Changes in sexual mores resulting from the lesser practical importance of marriage in a radically commercialized and bureaucratized society make the situation described in the last post quite a bit worse.

In such a society there is a tendency to delay or forgo marriage but not sexual activity. The result is that women become much less likely to bond permanently. (Also see this more detailed discussion.) The statistics I’ve seen don’t cover the effects of men’s sexual activity, but it seems believable that prior relationships would affect marital stability more in the case of women. As suggested by previous discussions, men are more interested in resolving an issue and going on to something else, women in fine-tuning personal situations, so the habit of choosing and changing would affect them more. Also, women are usually the ones who initiate divorce, which suggests that feminine failure to form stable bonds is a special issue.

As things are, the typical young woman has several sexual alliances without any expectation that the connection will be permanent. That means they give themselves without giving themselves, and to do so must fend off their own tendency to bond sexually. Anecdote and personal experience suggest that the result is to make them narcissistic, disloyal, mindlessly willful, indifferent to the actual well-being of the man, and so on. So the situation exacerbates tendencies already implicit in the present radically impersonal form of society.
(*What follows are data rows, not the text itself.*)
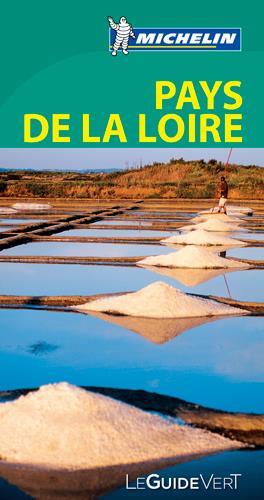Le guide vert : Pays de la Loire - flash vidéo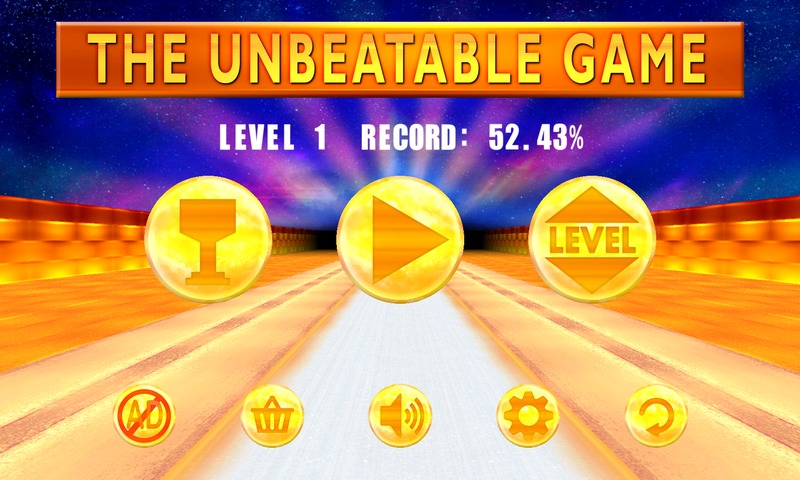 The Unbeatable Game截图1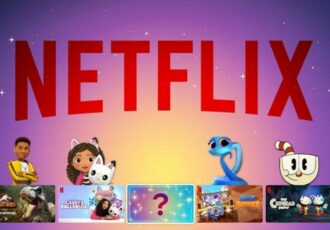 آیا استفاده از نتفلیکس در ایران امکان پذیر است؟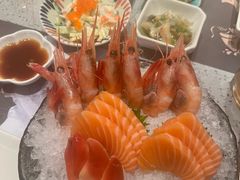 -大渔铁板烧(大悦城店)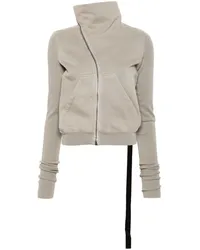 DRKSHDW by Rick Owens Mountain Sweatshirt Nude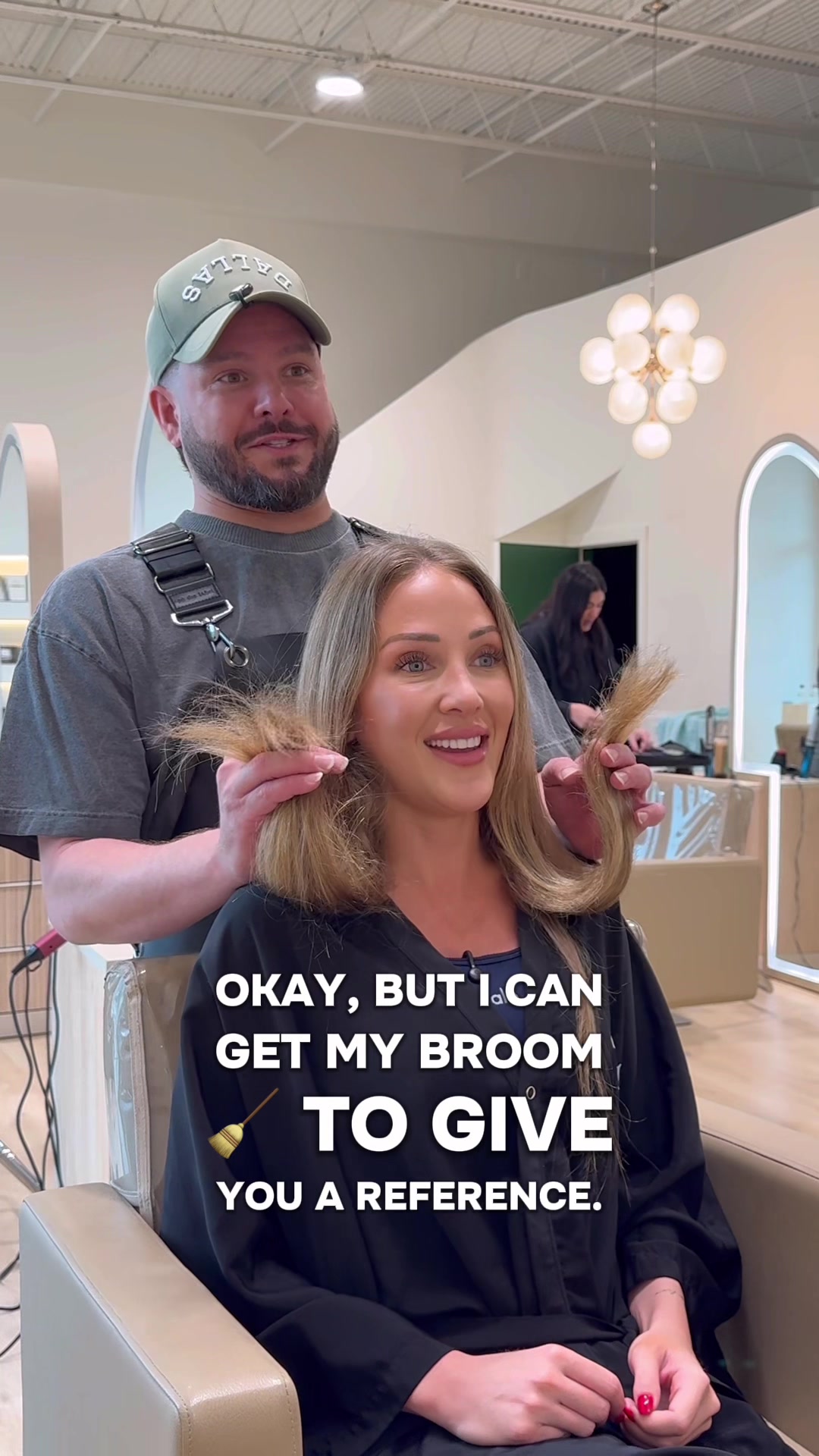 @Ericmichaelhair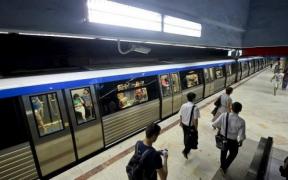 Metrorex anunţă continuarea protestelor, luni şi marţi, în faţa sediului Guvernului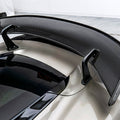 CMST Dry - Carbon (Prepreg) Lotus Emira Full Bodykit (2021 - 2025) Aftermarket Carbon Fiber Part / Bodykit - Robot Bodykits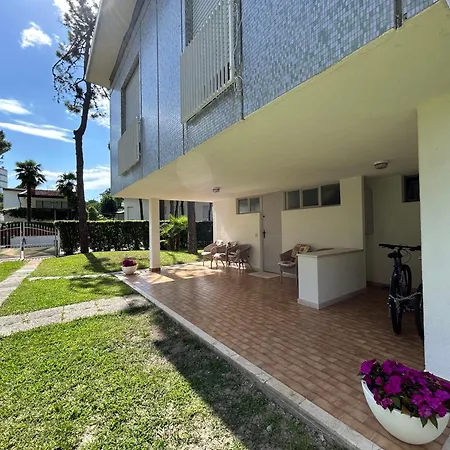 Holiday home Mistral Lignano Sabbiadoro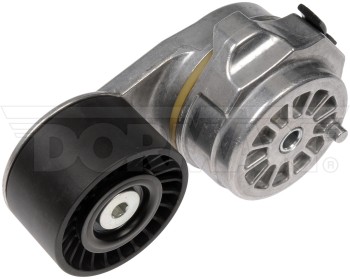 Accessory Drive Belt Tensioner Assembly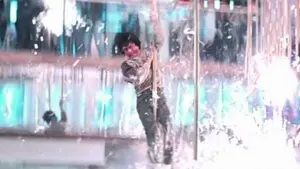 Задник к фильму "Полицейская история" #210421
Sexual looseness (together with feminism) also deprive young men of a strong motive for getting their acts together. They no longer have wife and family as a definite goal with a definite form to aspire to. It’s not necessary for the sake of satisfying immediate impulse, and the girls have all been told not to cooperate with the scheme on the grounds that a definite form for anything other than career and formal education means oppression. Marriage and family have been institutions which most men could participate in and lead. Egalitarian marriage, in which everything is equal and subject to constant negotiation, eliminates the incentive.

So all in all the sexual aspects of the present situation radically reduce the value of men and women as mates, and radically reduce the appeal of forming a permanent connection. Without permanent connections you get distrust and consequent fault-finding, and the response of each sex to the other increasingly becomes “who wants one of them?”

An additional problem is that marriage requires discipline on both sides, and people usually don’t just decide to be disciplined. So making marriage one choice among others is a problem. Charles Murray tells us that for the top 20% the discipline is provided by careerism and rational self-interest, but that motive can’t be effective with everyone since not everyone can have what you’d call a career and most people are more inclined to go with the flow than calculate ways of maximizing future payoff. And indeed Murray tells us that marriage has pretty much collapsed among less successful people.